Op enige tientallen meters van de Brandenburger Tor kon je niet verder. Hekwerk, prikkeldraad, wachthokjes, het gebruikelijke recept. Door het hek neusden we naar de andere kant, West-Berlijn. Een van ons nam foto's. De wachtlopers, die behoorlijk bewapend waren, vonden dat niet leuk. We werden achteruit gemaand met geschreeuw en armgebaren. In Nederland zou je in zo'n geval nog even doorgaan, even laten merken dat je niet onder de indruk bent. In de DDR laat je dat wel uit je hoofd. En ja, het voortbestaan van de DDR stond op dat moment al behoorlijk onder druk. Als makke lammetjes, enigszins geschrokken, liepen we achteruit.

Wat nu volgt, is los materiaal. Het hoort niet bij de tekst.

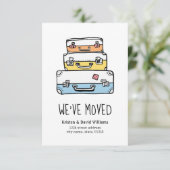Niedlicher Hand gezeichneter Koffer Wir bewegen un Ankündigung (Stehend Vorderseite)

Vervolgens gingen we naar een Kneipe op UDL. Het was er ongeveer zo gezellig als in een Turks koffiehuis. We waren met negen man en bij de tafels hoorden acht stoelen. Maar een er bij schuiven was geen goed idee. De reden was ons volstrekt onduidelijk, maar aan een tafel voor vier moesten per se vier stoelen staan en aan een tafel voor acht, acht. Niet onderhandelbaar. Om 22:00 uur ging de kroeg dicht, om kwart voor tien kon je echt niet meer een biertje bestellen. Berlijn leek tegen die tijd sowieso compleet uitgestorven. Gelukkig was er in ons hotel nog de hele nacht thee en zelfs bier te krijgen.